The speakers stressed the importance of engagement of local communities and their empowerment to achieve a more just approach to climate adaptation. The case studies stress the need to build on communities’ local knowledge and gear adaptation actions towards the communities’ capacities, needs and traditional relationships with their (natural), cultural and spiritual surroundings. In the Ghanian case study this is done through participatory action research including organizing  dialogues and learning events and distributing  communication material; in Vienna a contest where citizens can submit their adaptation projects; in Glasgow CSOs are consulted to provide feedback on adaptation plans to avoid maladaptation; the case study of Monte Serrat (Brazil) confirms this approach and emphasizes the need to pay attention to language (I.e., using inclusive and non-sexist language to ensure women´s participation).

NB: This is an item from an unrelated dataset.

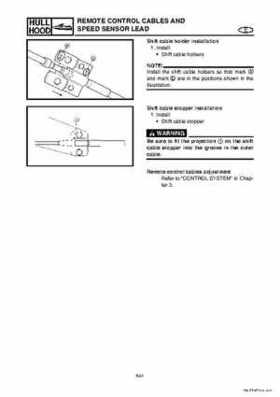 2004-2007 WaveRunner FX Cruiser High Output Service Repair Manual, Page 334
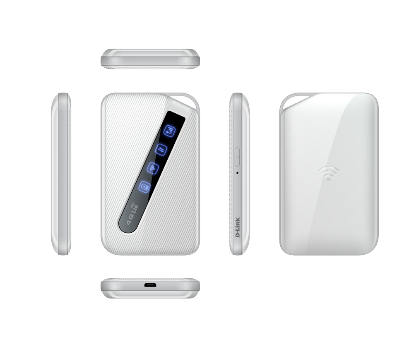 D Link DWR-930M 4G/LTE Mobile Wi-Fi Router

The need for demarcating in law and practice the rights of local peoples, women and marginalized groups of their customary territories has been identified as an important basis by the speakers and the audience. Funding should consequently be geared towards these vulnerable communities, which have been historically excluded from decision-making, design and implementation of adaptation actions.

Finding Synergies

The speakers emphasized the need for finding synergies considering adaptation projects in their broader societal and economic context. The case study of Lake Mburo National Park in Uganda shows how climate adaptation and tourism can be combined. Combining the two makes it possible to monetarize the benefits and share them with the community for through distributing 20% tourism revenue (entrance fees) to local communities for adaptation actions. The case study of Tambak Lorok showed how the adaptation project was also used to provide communal toilets, increase community food supply, improve waste management, provide health easily accessible health service for women. It is also about combining informal and formal initiatives, acknowledging informal adaptation processes and including them in the formal adaptation policies or programs.

A problem with identifying and implementing synergies in practice is that competencies are distributed across various levels and actors, so that the aware and engaged actors often do not have the competences to create the synergies.